[Start of section]

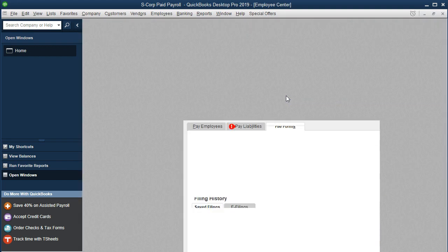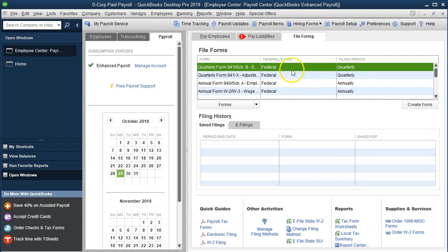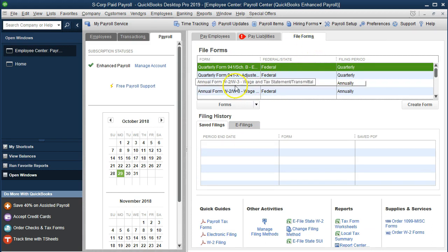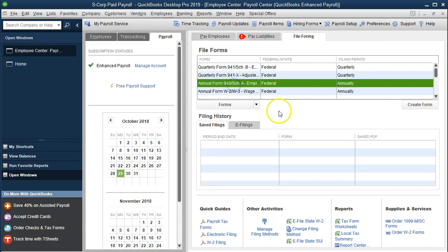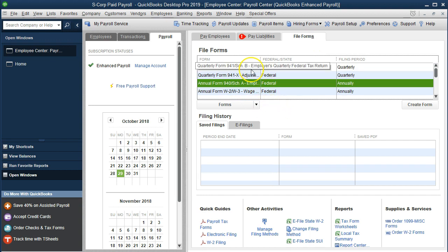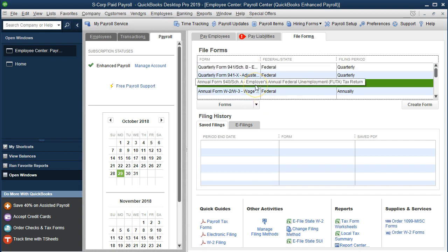That's going to open up the employee center. We're in the file forms section. The 940, remember, is at the end of the year. Don't get it confused with the Form 941. It's going to be down here.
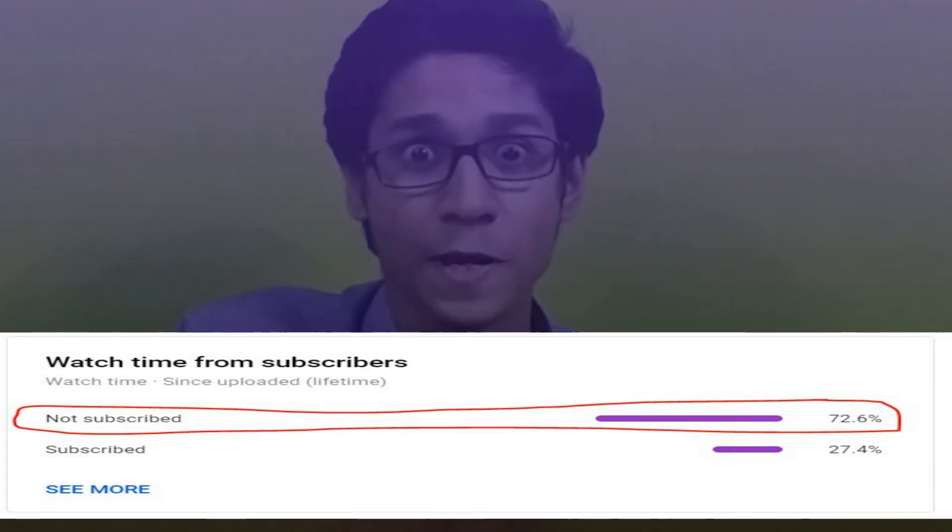Please consider subscribing to this channel because we will be uploading more such content — and share this video if you like it. And as always, keep commenting. Hey you, I know you did not subscribe to this channel. Go hit the subscribe button and hit the bell icon now. I know most of you don't, because that's what the stats say. Do it — or I'm gonna send JEE Advanced Paper 2 Physics to your home and make you forcefully solve it. You better do it.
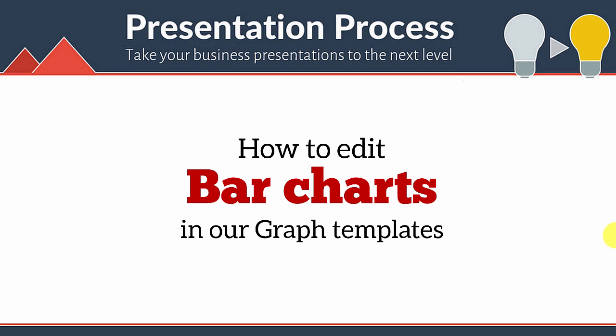Hi! In this video, you will learn how to edit bar charts in our graph templates.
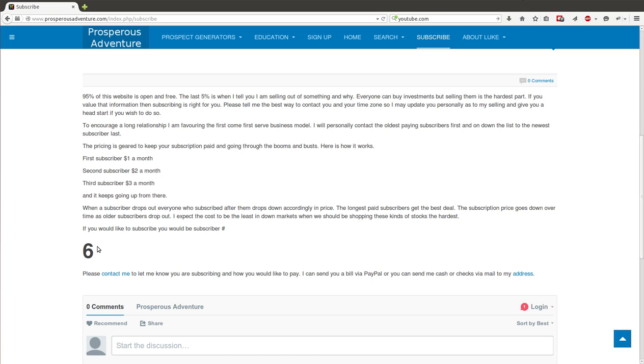But the last 5% of the information is available to paid subscribers. That's when I'll call them and say I'm selling my position, and give them a shot to sell theirs first if they choose to do so. So it's basically just following along in my footsteps.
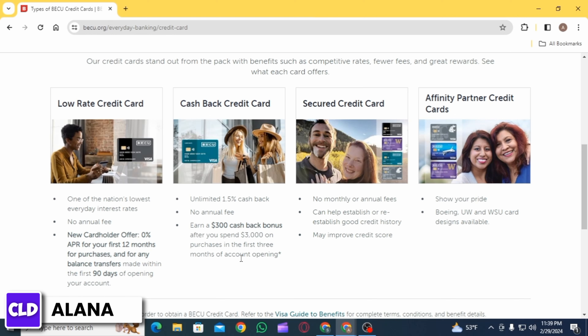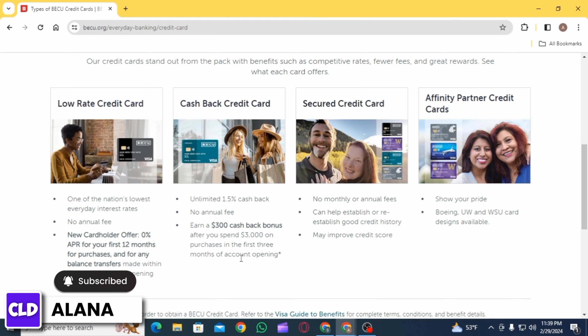Once you have entered all the required information and completed any necessary identity verification steps, review the details to ensure accuracy. After confirming the information, submit your activation request through the platform. Upon successful activation, you should receive confirmation that your BQ credit card account has now been activated.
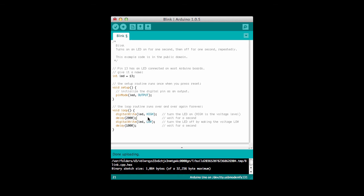So that wraps up our introduction for how to write software for the Arduino. I hope you've enjoyed this video and in the next videos we'll get into more detail on specifically the kinds of programs we want to write for our autonomous vehicle.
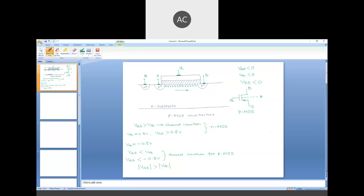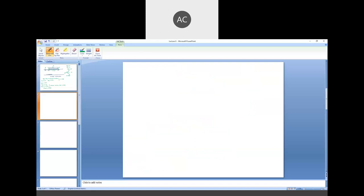As far as the current equation is concerned, we have the same expression. The current is given by: half μP Cox (W/L) (Vgs − Vth)², where instead of μN we use μP because the charge carriers here are holes. If you include the correction factor for channel length modulation, then multiply by (1 + λVds). Remember that all these voltages — gate-to-source, threshold, and drain-to-source — are negative in nature for a PMOS device.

[End of section]

▶ [Task] Give back every record precisely as it stands, without the images.

▶ [Answer to this problem]
That's going to open up the employee center. We're in the file forms section. The 940, remember, is at the end of the year. Don't get it confused with the Form 941. It's going to be down here.
Please consider subscribing to this channel because we will be uploading more such content — and share this video if you like it. And as always, keep commenting. Hey you, I know you did not subscribe to this channel. Go hit the subscribe button and hit the bell icon now. I know most of you don't, because that's what the stats say. Do it — or I'm gonna send JEE Advanced Paper 2 Physics to your home and make you forcefully solve it. You better do it.
Hi! In this video, you will learn how to edit bar charts in our graph templates.
But the last 5% of the information is available to paid subscribers. That's when I'll call them and say I'm selling my position, and give them a shot to sell theirs first if they choose to do so. So it's basically just following along in my footsteps.
Once you have entered all the required information and completed any necessary identity verification steps, review the details to ensure accuracy. After confirming the information, submit your activation request through the platform. Upon successful activation, you should receive confirmation that your BQ credit card account has now been activated.
So that wraps up our introduction for how to write software for the Arduino. I hope you've enjoyed this video and in the next videos we'll get into more detail on specifically the kinds of programs we want to write for our autonomous vehicle.
As far as the current equation is concerned, we have the same expression. The current is given by: half μP Cox (W/L) (Vgs − Vth)², where instead of μN we use μP because the charge carriers here are holes. If you include the correction factor for channel length modulation, then multiply by (1 + λVds). Remember that all these voltages — gate-to-source, threshold, and drain-to-source — are negative in nature for a PMOS device.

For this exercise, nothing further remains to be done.